Les dames et damoiselles, toutes pâles d’effroi, tremblent comme des colombes surprises dans un champ de blé par l’orage, et que la rage des vents chasse vers leur nid, au milieu du fracas du tonnerre ; des éclairs qui sillonnent la nue obscure, à travers la grêle et la pluie qui portent le ravage dans les campagnes.

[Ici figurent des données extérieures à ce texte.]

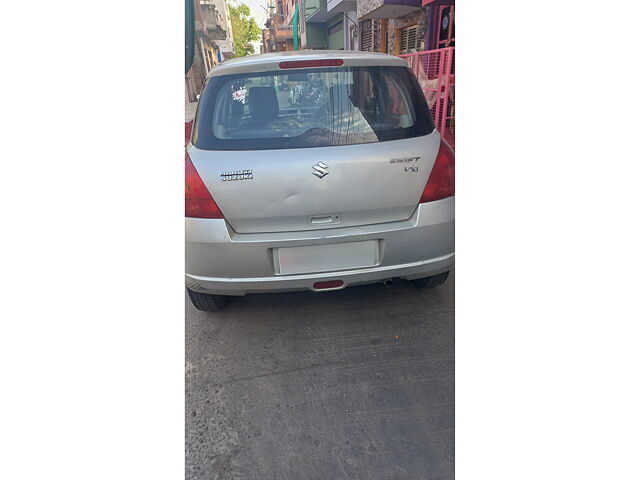 Used Maruti Suzuki Swift  [2005-2010] VXi in Jaipur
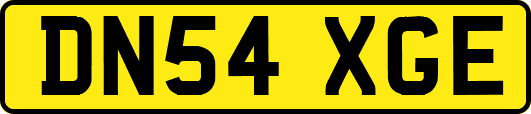 DN54XGE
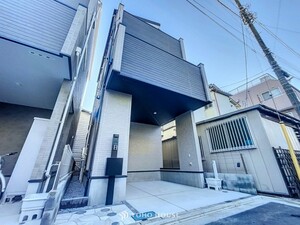 足立区千住宮元町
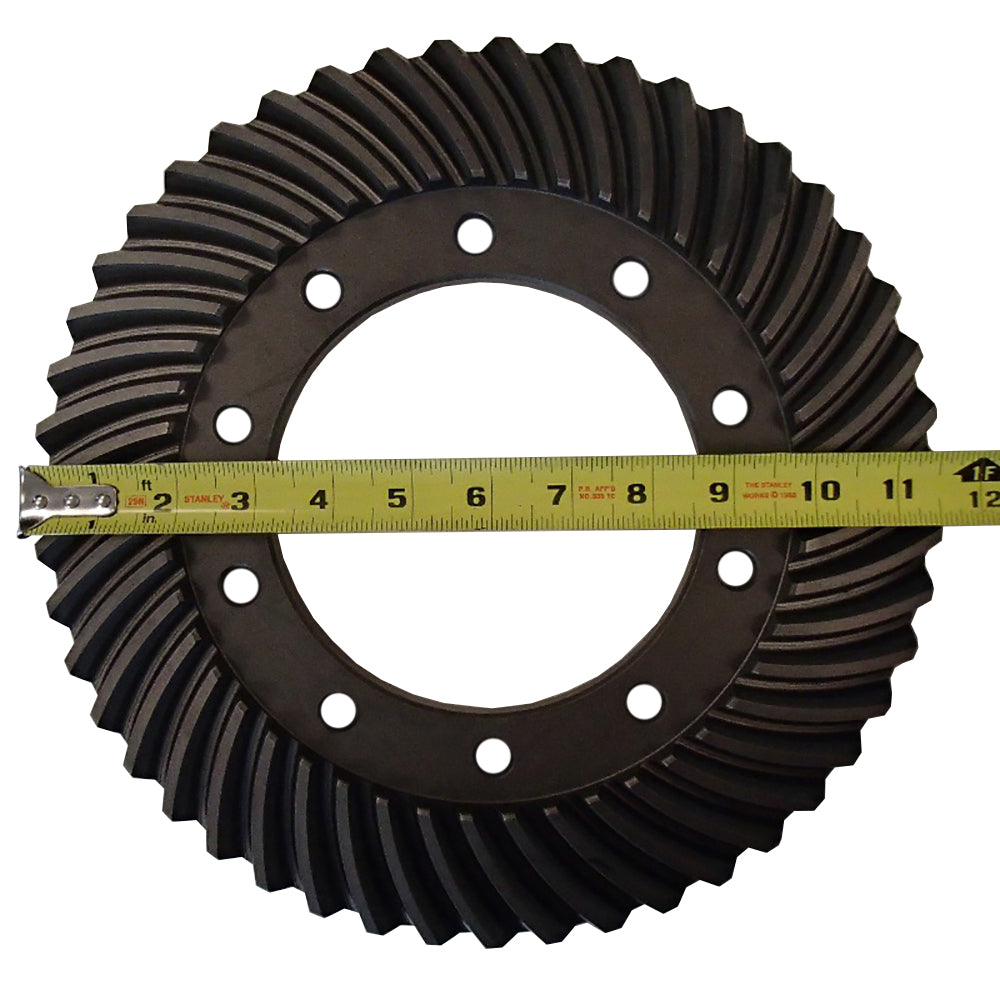 AT124357 Ring & Pinion – Fits John Deere – additional image 4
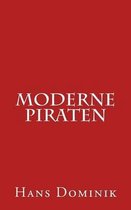 Moderne Piraten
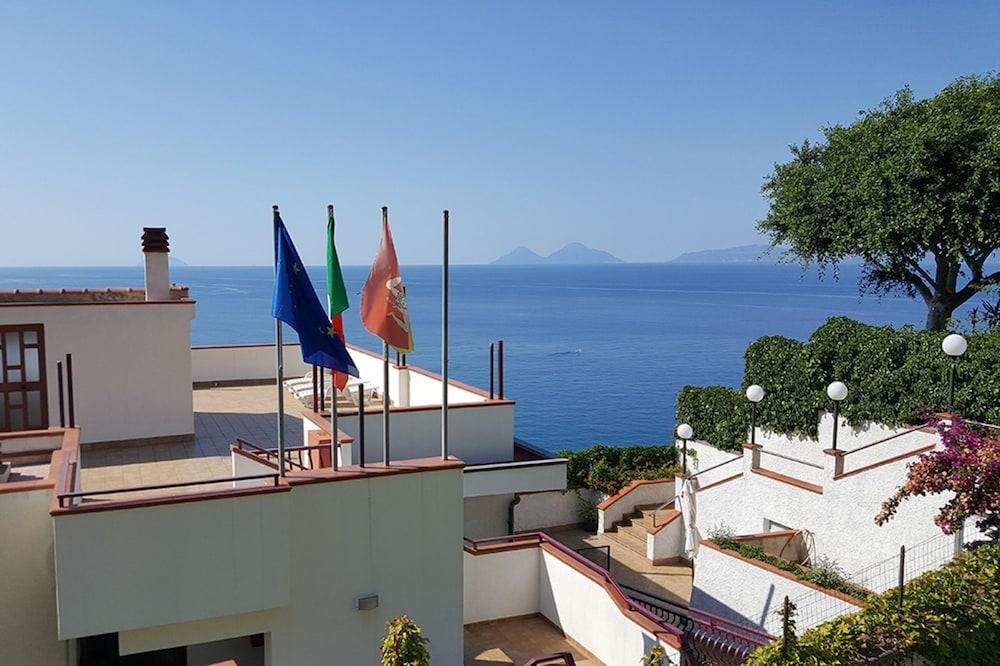 Hotel Corallo Calavà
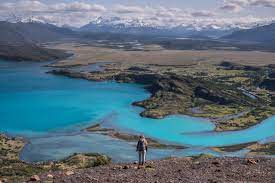 Toro Lake – Torres del Paine Puzzle Jigsaw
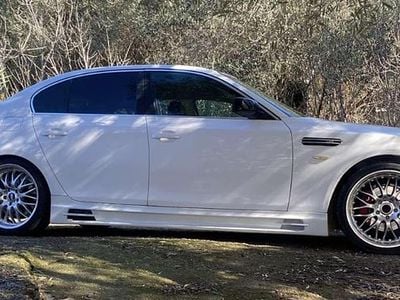 Usata BMW 530 218 CV (160 kW) 2004 Berlina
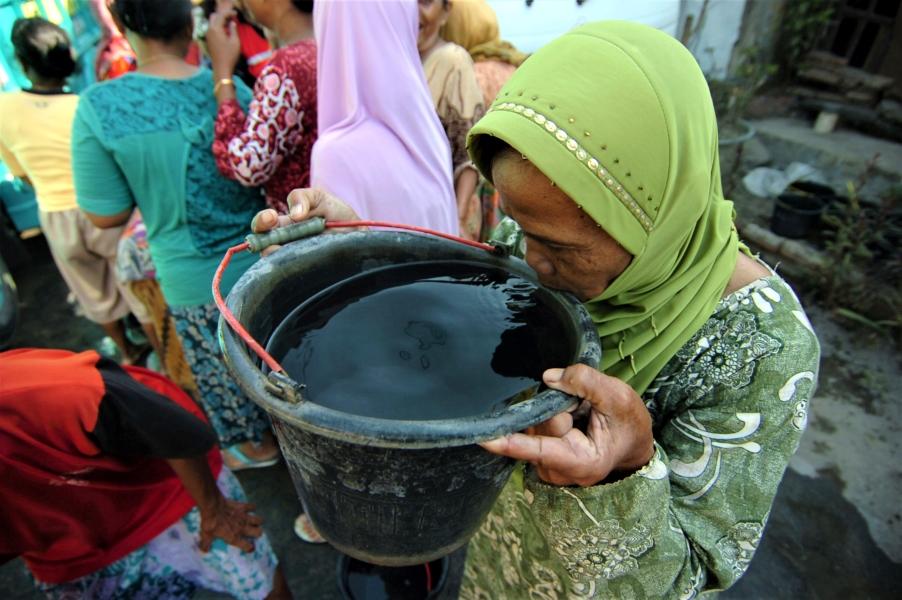 Bank Dunia: Perlindungan Lansia di Indonesia Lemah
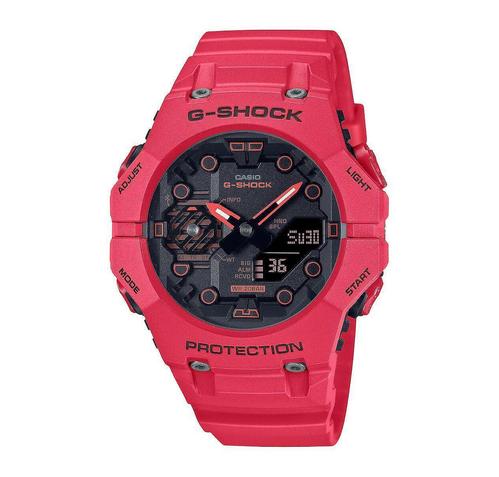 CASIO G-SHOCK GA-B001-4AER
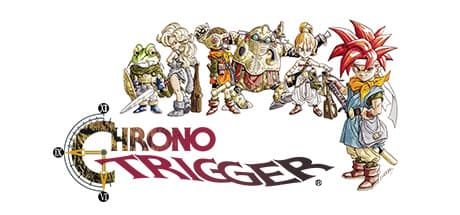 CHRONO TRIGGER® media 1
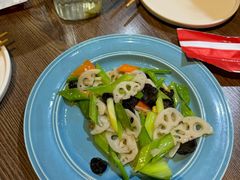 -盛京辽菜小馆(龙之梦购物中心店)
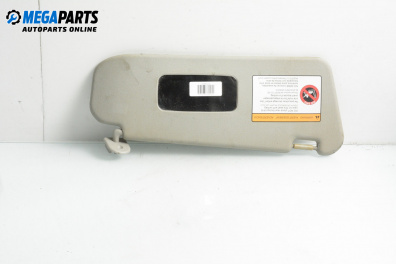 Сенник за Chevrolet Kalos Hatchback (T200) (01.2003 - 12.2008), позиция: дясна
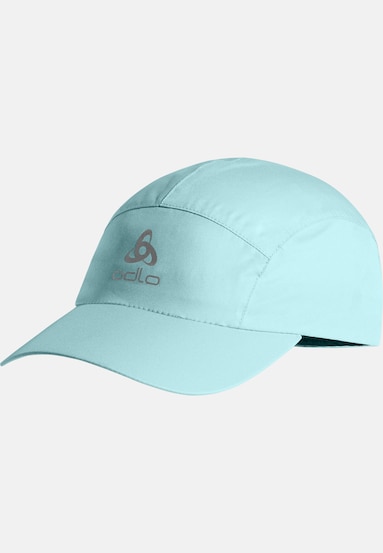 The Performance waterproof running cap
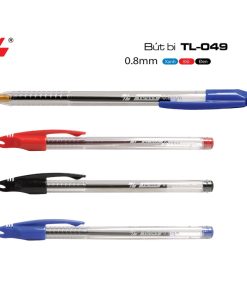 Bút bi Thiên Long TL 049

Elles tremblent pour Roger, qui ne leur semble pas de force à lutter avec le fier païen.

La foule et la plupart des chevaliers et des barons partageaient la même crainte ; on n’avait pas oublié ce que le païen avait fait dans Paris assiégé ; on se souvenait qu’à lui seul il avait détruit une grande partie de la ville par le fer et par le feu. Les traces de son passage existaient encore et devaient exister longtemps ; jamais le royaume n’avait subi plus cruel désastre.

Plus que tous les autres, Bradamante se sentait le cœur troublé ; elle ne croyait pas, il est vrai, que le Sarrasin eût plus de force que Roger, et surtout plus de vaillance, car c’est du cœur seul que vient le courage. Elle ne croyait pas au bon droit de Rodomont. Cependant, en digne amante qu’elle était, elle ne pouvait bannir ses craintes.